# Problem statement
Type out the whole listing again exactly, pictures omitted.

# Given records
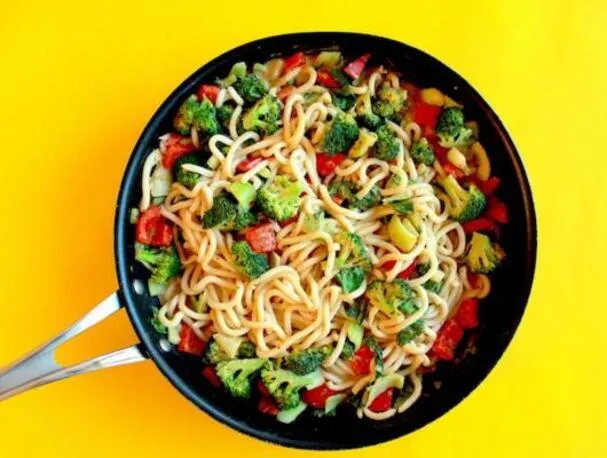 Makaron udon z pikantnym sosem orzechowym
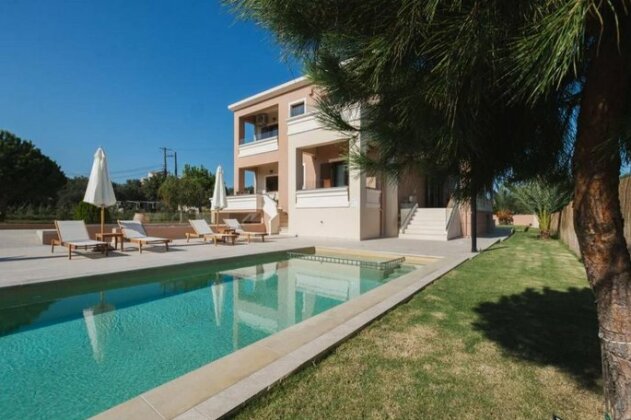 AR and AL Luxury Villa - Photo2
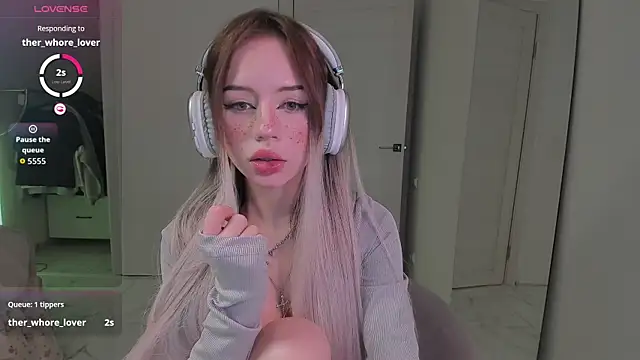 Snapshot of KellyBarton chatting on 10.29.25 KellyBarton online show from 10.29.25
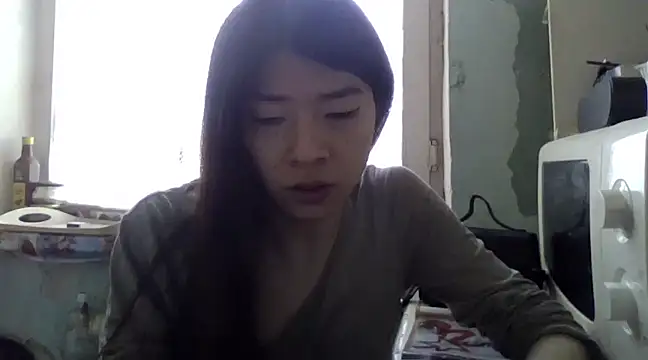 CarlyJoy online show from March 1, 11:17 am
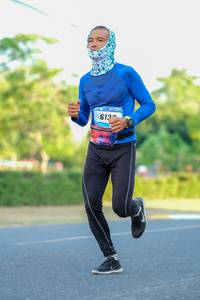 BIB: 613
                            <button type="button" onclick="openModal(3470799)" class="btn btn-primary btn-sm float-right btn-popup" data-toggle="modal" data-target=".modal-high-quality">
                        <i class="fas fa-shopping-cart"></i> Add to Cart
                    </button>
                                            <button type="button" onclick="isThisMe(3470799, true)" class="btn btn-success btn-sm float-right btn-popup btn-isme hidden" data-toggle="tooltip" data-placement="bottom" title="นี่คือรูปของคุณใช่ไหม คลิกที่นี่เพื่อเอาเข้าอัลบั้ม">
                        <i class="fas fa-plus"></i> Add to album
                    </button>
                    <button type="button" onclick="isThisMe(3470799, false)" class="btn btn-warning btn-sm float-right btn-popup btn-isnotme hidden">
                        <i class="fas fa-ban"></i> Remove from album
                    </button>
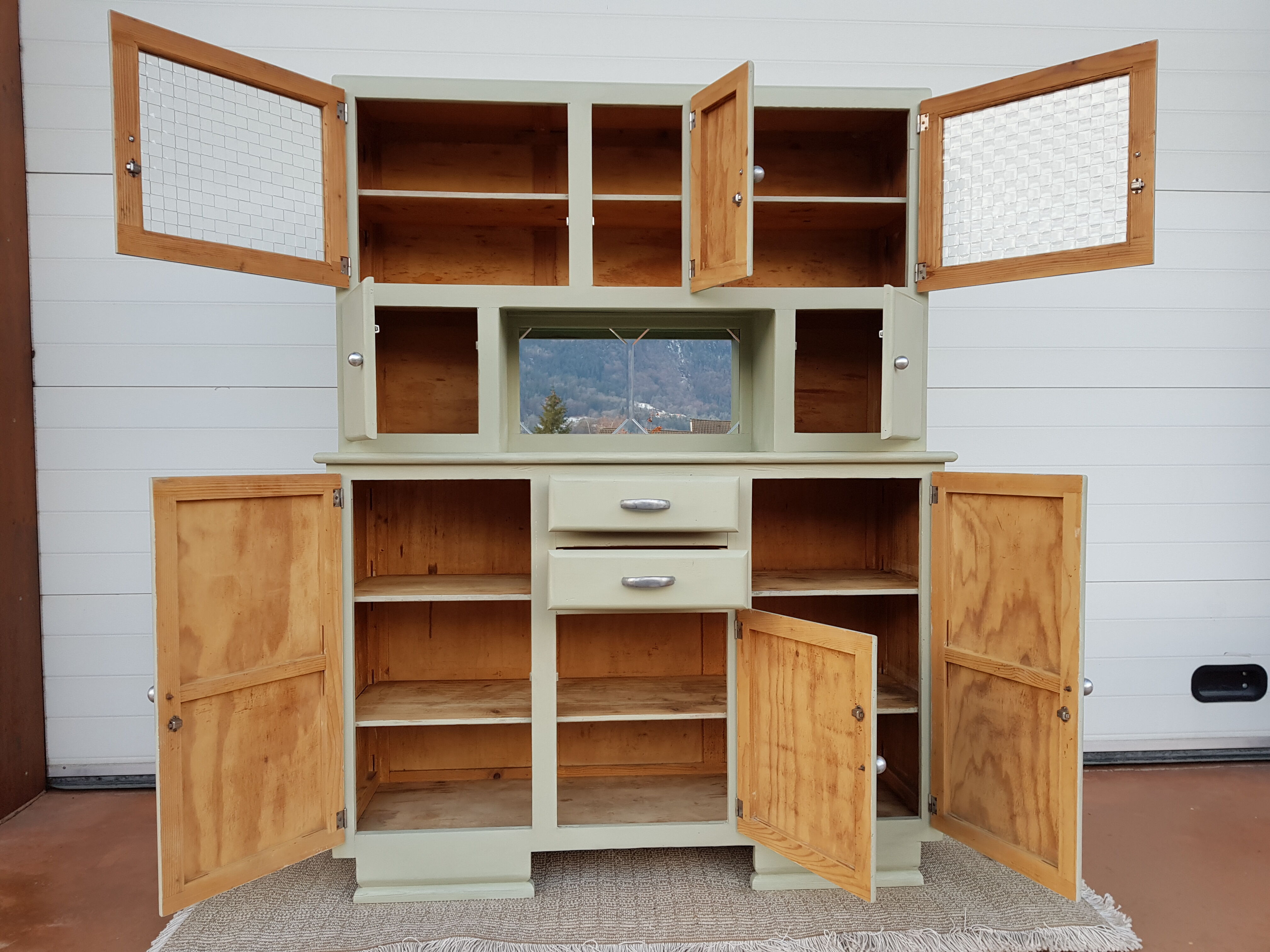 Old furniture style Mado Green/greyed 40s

# Answer to this task
 Makaron udon z pikantnym sosem orzechowym
 AR and AL Luxury Villa - Photo2
 Snapshot of KellyBarton chatting on 10.29.25 KellyBarton online show from 10.29.25
 CarlyJoy online show from March 1, 11:17 am
 BIB: 613
                            <button type="button" onclick="openModal(3470799)" class="btn btn-primary btn-sm float-right btn-popup" data-toggle="modal" data-target=".modal-high-quality">
                        <i class="fas fa-shopping-cart"></i> Add to Cart
                    </button>
                                            <button type="button" onclick="isThisMe(3470799, true)" class="btn btn-success btn-sm float-right btn-popup btn-isme hidden" data-toggle="tooltip" data-placement="bottom" title="นี่คือรูปของคุณใช่ไหม คลิกที่นี่เพื่อเอาเข้าอัลบั้ม">
                        <i class="fas fa-plus"></i> Add to album
                    </button>
                    <button type="button" onclick="isThisMe(3470799, false)" class="btn btn-warning btn-sm float-right btn-popup btn-isnotme hidden">
                        <i class="fas fa-ban"></i> Remove from album
                    </button>
 Old furniture style Mado Green/greyed 40s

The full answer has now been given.